The methodological structure of MuproCL integrates within the CL training paradigm by initializing task-specific classifiers with context-aware semantic targets drawn from PLM-processed LLM prompts. This enables the retention of meaningful knowledge previously constrained by single-target systems, fostering greater robustness across tasks.

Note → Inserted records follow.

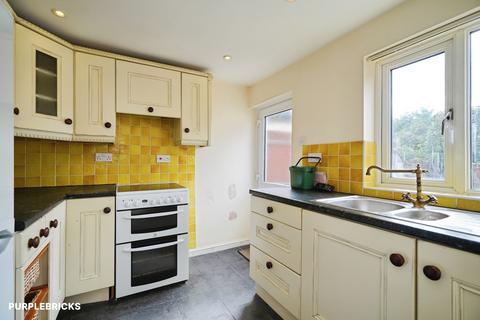 2 bedroom end of terrace house for sale, High street, Newhall, DE11
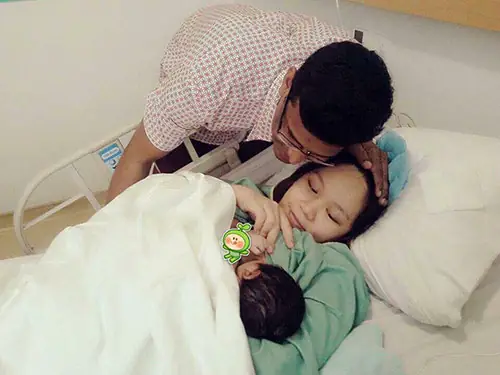 2 tháng sau sinh ở Việt Nam, Thùy Trang quyết định nhận một công việc đầy thách thức ở Singapore nhưng vẫn quyết tâm nuôi con bằng sữa mẹ.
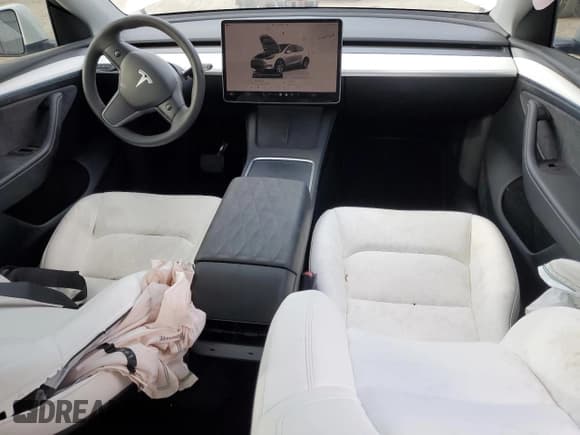 ✅ 2023 Tesla Model Y Long Range • VIN: 7SAYGDEE9PA098533 • Лот: 82690655. Опубликован ранее на Copart с пробегом 59 560 миль. Бесплатный доступ к архиву аукционных продаж из США и подробный отчёт об истории автомобиля на DreamBid. Изображение 8.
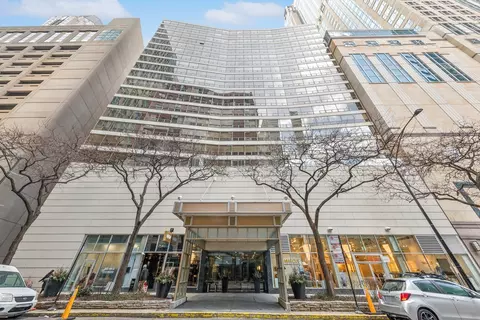 110 E Delaware Pl #1804, Chicago, IL 60611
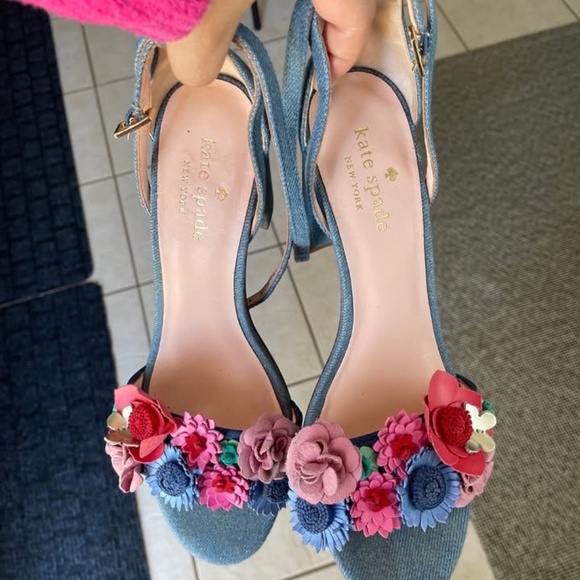 KATE SPADE🖤 Summer Floral Heels - Picture 4 of 5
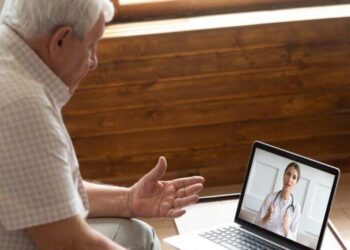 Sağlık Bakanlığı’ndan yeni düzenleme: Uzaktan muayene ve tedavi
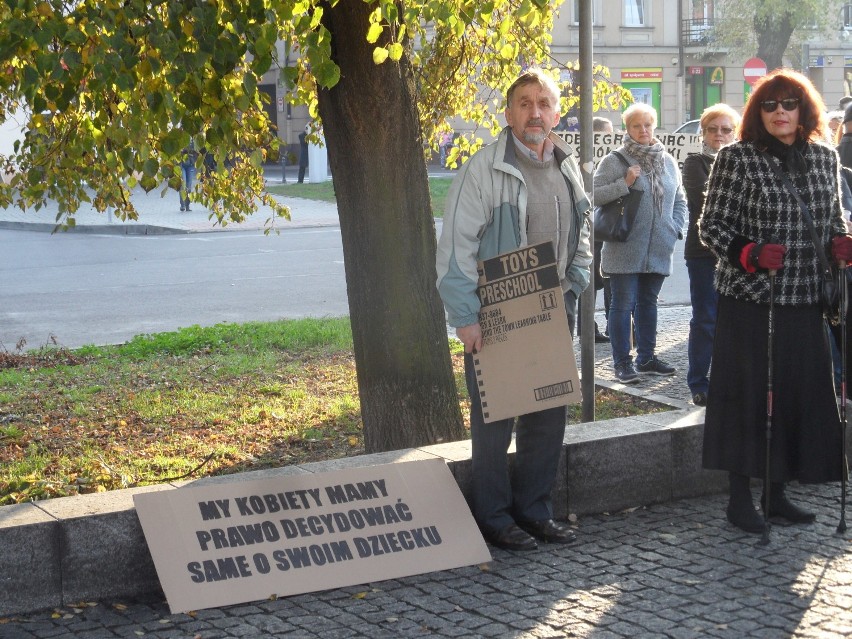 Czarny protest w Częstochowie ZDJĘCIA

Disambiguation and Expansion: For each class, multiple textual prompts are curated to encapsulate semantic diversity. A finely-tuned filter—and—sample method is deployed to generate diverse prototypes, conserving semantic richness yet avoiding redundancy.
Optimization via LogSumExp: Ensures the alignment of vision encoder outputs with nuanced semantic vectors, maintaining fidelity across visual inputs with varying attributes.

Experiments

The paper demonstrates MuproCL's efficacy through comprehensive experiments against several CL baselines on the CIFAR100 dataset under various class-incremental settings. The introduced method is consistently superior to conventional baselines, including single-target LingoCL, underscoring its robustness and adaptability.

Figure 2: Shows accuracy and forgetting rate trajectories across tasks, indicating MuproCL's persistent advantage in sustaining model performance over sequential learning.

The observed performance gains signal a notable 5.6% improvement in average accuracy over traditional baselines, alongside a marked reduction in catastrophic forgetting, evidenced by diminishing forgetting rates particularly resonant in extended task sequences.

Conclusion

The introduction of MuproCL is a substantial advancement towards addressing inherent drawbacks in language-guided CL, proving that enriched, adaptive, and poly-semantic supervision significantly enhances learning consistency and accuracy across extensive and diverse visual tasks. Looking towards future research, exploring intricate balance mechanisms among multiple prototypes presents intriguing avenues for further improvement in open-world scenarios, potentially leveraging even more nuanced language and vision synergies.